Application of two phase commit protocol in Flink

Flink’s idea of two stage submission

We start the Flink program, consume the Kafka data, and finally sink the data to Kafka to analyze the accurate processing of Flink.

  1. When checkpoint is started, jobmanager will inject checkpoint Battier into the data stream, and checkpoint barrier will be passed between operators, as shown below:

Hard core! Eight pictures to understand the end-to-end processing semantics of Flink exactly once

  1. Source sideFlink Kafka source is responsible for saving Kafka consumption offsetWhen chkpoint succeeds, Flink is responsible for submitting these writes, otherwise it will terminate and cancel them. When chkpoint finishes saving the displacement, it will pass the checkpoint barrier to the next operator, and then each operator will take a snapshot of the current state,Save to state backend(State Backend)。

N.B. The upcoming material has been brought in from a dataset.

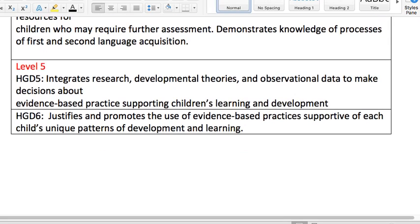As noted earlier, community colleges will not only cover competencies from level 1 through level 4, but if they are articulating with a 4-year institution, they also need to include the level 5 competencies.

    For the source task, the current offset is saved as the state. The next time you restore from checkpoint, the source task can re submit the offset and re consume the data from the last saved locationAs shown in the figure below:

Hard core! Eight pictures to understand the end-to-end processing semantics of Flink exactly once

  1. Slink end: starting from the source side, each internal transform task will save its status to checkpoint when it encounters checkpoint barrier. When the data is processed to the sink, the sink task first writes the data to the external Kafka. These data belong to the pre committed transaction (which cannot be consumed yet),At this time, in the pre commit phase, data sink must not only save the state to the state back end, but also advance its external transactionsAs shown in the figure below:

Hard core! Eight pictures to understand the end-to-end processing semantics of Flink exactly once

  1. When the snapshot of all operator tasks is completed(all snapshots created are considered part of checkpoint),In other words, when the checkpoint is completed, the job manager will send a notification to all tasks to confirm that the checkpoint is completed. At this time, the pre commit phase is considered to be completed. Just officially arrivedThe second phase of two-phase commit protocol: Commit phase. In this stage, the jobmanager will initiate the callback logic of checkpoint completed for each operator in the application.

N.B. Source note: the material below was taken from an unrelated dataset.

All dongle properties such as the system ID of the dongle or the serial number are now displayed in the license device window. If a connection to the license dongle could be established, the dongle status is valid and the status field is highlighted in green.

    The data source and window operations in this example have no external state, so at this stage, the two operators do not need to perform any logic, butData sink has an external state. At this time, we must commit external transactionsWhen the sink task receives the confirmation notice, it will formally submit the previous transaction. The unconfirmed data in Kafka will be changed to “confirmed”, and the data can be consumed, as shown in the figure below:

Hard core! Eight pictures to understand the end-to-end processing semantics of Flink exactly once

Note: in Flink, the job manager coordinates each task manager to store checkpoints. Checkpoints are saved in stateback end. By default, stateback end is memory level. It can also be changed to file level for persistence.

Finally, a chart summarizes Flink’s EOS

Hard core! Eight pictures to understand the end-to-end processing semantics of Flink exactly once

It is suggested to save this picture, summarize it comprehensively and concisely, and never advise the interviewer again!